Isabel Allende, novelis yang kerap mengisahkan orang-orang tersingkir dan jauh—atau dijauhkan—dari kekuasaan, punya jawaban yang keren. Saya menulis agar kenangan tak hilang tersapu angin. Itulah jawaban pengarang The House of Spirit. Dalam frasa yang lebih intim dengan telinga kita, upaya melawan lupa. Bagaimana dengan kalian? Adakah kalian memiliki kenangan yang tidak kalian inginkan raib bersama laju waktu? Jika ada, tulislah! Bagaimana kalau tidak ada? Rasanya mustahil, kecuali kalian tak punya masa lalu atau hari kemarin. Atau, begini saja. Selain ingatan personal, kita juga dapat memindahkan ingatan kolektif ke dalam tulisan, agar peristiwa-peristiwa di sekitar kita tidak terhapus selekas air hujan hilang di permukaan cadas. Dengan begitu, kita mengabdikan diri sebagai pengabadi peristiwa. Atau, lebih keren lagi, beribadah melalui tulisan.

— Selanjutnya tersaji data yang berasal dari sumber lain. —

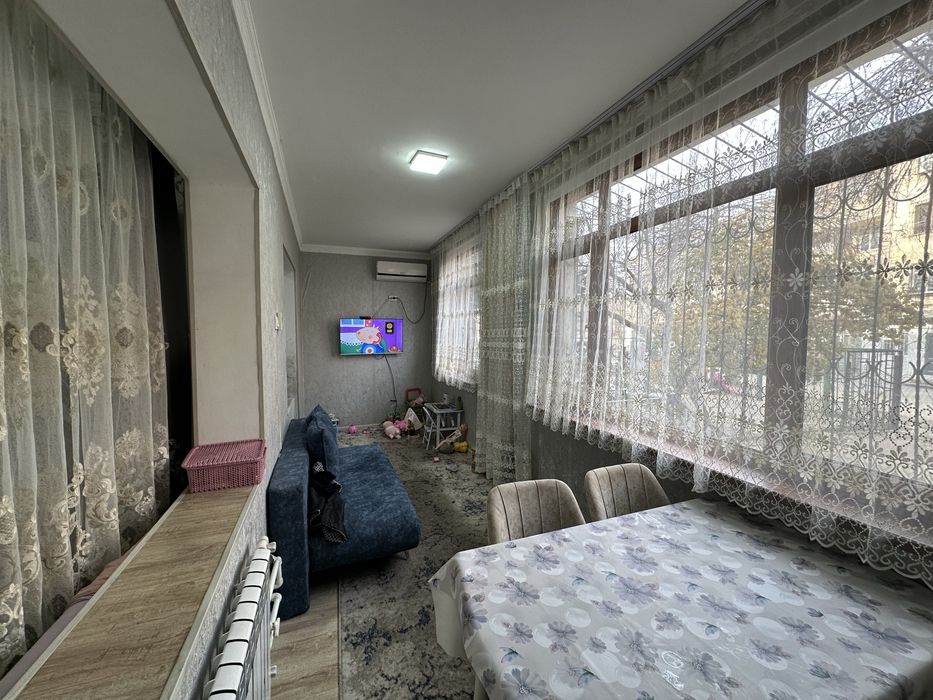 Продается своя квартира, м-в Куйлюк -1, 3 ком кв 1 этаж 5 этажный дом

Tunggu dulu. Mengapa saya pilih kata ibadah? Jawaban saya sederhana. Apa pun kebaikan yang kita lakukan, sejatinya, adalah bentuk bakti kita kepada sesama manusia, semesta, atau Tuhan. Menulis juga begitu. Saban menyaksikan peristiwa di sekitar kita, menyenangkan atau menyakitkan, indah atau muram, menggelikan atau memuakkan, tulisan akan mengabadikan peristiwa itu. Perasan perasaan, akibat rentetan peristiwa yang disaksikan itu, barulah terbaca oleh generasi setelah kita apabila tertuang ke dalam tulisan.
Sekarang, menolehlah! Banyak peristiwa terjadi di sekitar kita. Mulailah dari hal kecil yang kita alami atau jalani sehari-hari. Ingat-ingat, saring-saring, lalu tulis dengan atau sepenuh hati.
Petuah Nadine Gordimer, peraih Booker Prize 1974 dan Nobel Sastra 1991, dapat kita jadikan pegangan. Saya menulis sebagaimana seorang anak yang gembira saat berusaha memahami hidup dengan pikiran gara-gara melihat, mencium, dan merasakan berbagai hal, kemudian lahirlah emosi-emosi yang membingungkan atau mengamuk dalam diri saya. Dengan kata lain, Nadine menulis untuk dirinya sendiri, demi pelepasan kegelisahan yang melumuri batinnya.
Tak perlu cemas karena menulis untuk diri sendiri. Itu bukan aib. Bukan juga nista yang membuat diri kita terluka atau terhina. Ingat, setiap manusia ditakdirkan unik, berbeda dibanding manusia lainnya. Pengalaman batin saya pasti berbeda dengan pergolakan batin kalian. Sebaliknya juga begitu. Manakala kalian menuliskan keunikan pengalaman itu, pada saat bersamaan kalian telah menyumbang bagi kemanusiaan. Orang lain bisa becermin dari kekhasan pengalaman kalian. Dan, tentu saja, bernilai ibadah. Lantaran tulisan adalah buah dari pohon kecendekiaan, maka menulis dapat digolongkan sebagai ibadah intelektual.
Apakah kecamuk pikiran, riuh gagasan, atau pengalaman saya layak ditulis? Jangan remehkan diri sendiri. Tak ada perbuatan paling kejam selain merendahkan diri sendiri. Kalau kita kurang percaya pada kekayaan batin atau kegemilangan pikiran sendiri, mana tahu kuasa imajinasi kita kaya raya. Kalau hal itu masih belum cukup, bolehlah kita resapi fatwa Orhan Pamuk—penulis yang turut menggiring saya ke dunia prosa—dalam hal berkisah. Jika seorang penulis mesti mengisahkan ceritanya sendiri, kisahkanlah dengan perlahan-lahan, seolah-olah itu cerita tentang orang lain. Enteng, kan?
Salah satu tenaga kata-kata adalah kemampuannya menciptakan dunia seolah-olah. Dari tulisanlah kita bisa, seolah-olah, mengelana ke seluruh penjuru dunia. Pada tulisan kita dapat berulah liar atau bengis dan, seolah-olah, akibatnya kita terlontar ke balik jeruji besi. Lewat tulisan kita bisa menjadi pecatur hebat, dokter cantik, panglima gagah, ilmuwan serius, astronot keren, atau apa saja. Tenaga kata-kata itu apabila kita gunakan dengan cermat dan dalam takar yang tepat, dapat menggerakkan pembaca. Bahkan, mungkin saja, mengubah. Tatkala itu tercapai, lagi-lagi kita berhasil menegakkan ibadah intelektual.